2012年6月号 [Vol.23 No.3] 通巻第259号 201206_259008

平成24年度科学技術週間に伴う一般公開「ココが知りたい温暖化」講演会概要 森の呼吸の測り方

三枝信子 (地球環境研究センター 陸域モニタリング推進室長)

4月21日(土)に行われた科学技術週間に伴う国立環境研究所一般公開「春の環境講座」において、地球環境研究センターは、講演会「ココが知りたい温暖化」を開催しました。講演内容(概要)をご紹介します。なお、「春の環境講座」の報告は地球環境研究センターニュース2012年5月号に掲載しています。

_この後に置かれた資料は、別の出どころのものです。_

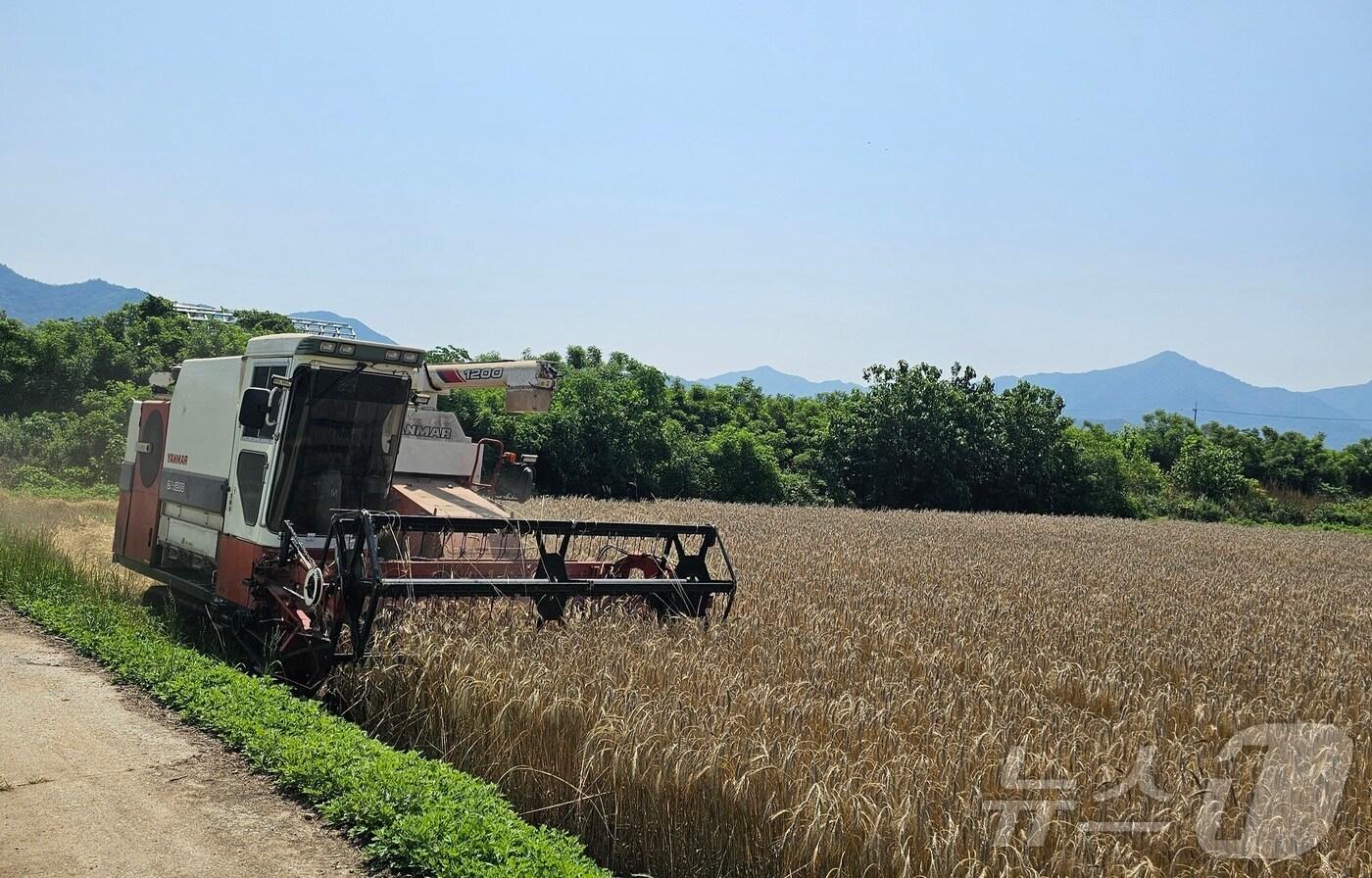 영암군 트리티케일 수확 현장 (영암군 제공. 재판매 및 DB금지) /뉴스1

森林は重要な温室効果ガスである二酸化炭素(CO2)を吸収したり放出したりします。その吸収量/放出量の測り方や、吸収量/放出量の観測のために世界で進められているネットワーク、そのなかでの国立環境研究所の取り組みについてご紹介します。

1. 森林はCO2を吸収したり放出したりする

photo. 三枝信子室長

森林にある緑の葉は太陽の光を受けると光合成をします。光合成は空気中のCO2を取り込んで、植物の体を成長させるために必要な有機物を作る働きです。そのときに酸素を放出します。太陽の光がないと光合成はできませんから、光合成をするのは昼間のみです。一方、森林を構成している植物や土壌にすむ微生物は、昼間も夜間も成長や活動に必要なエネルギーを呼吸によって作り出しています。呼吸は光合成と反対に、酸素を吸収してCO2を放出します。ですから、森林が一日当たり、あるいは一年の間に吸収するCO2の正味の量は、光合成の総量から呼吸の総量を引いたものということになります。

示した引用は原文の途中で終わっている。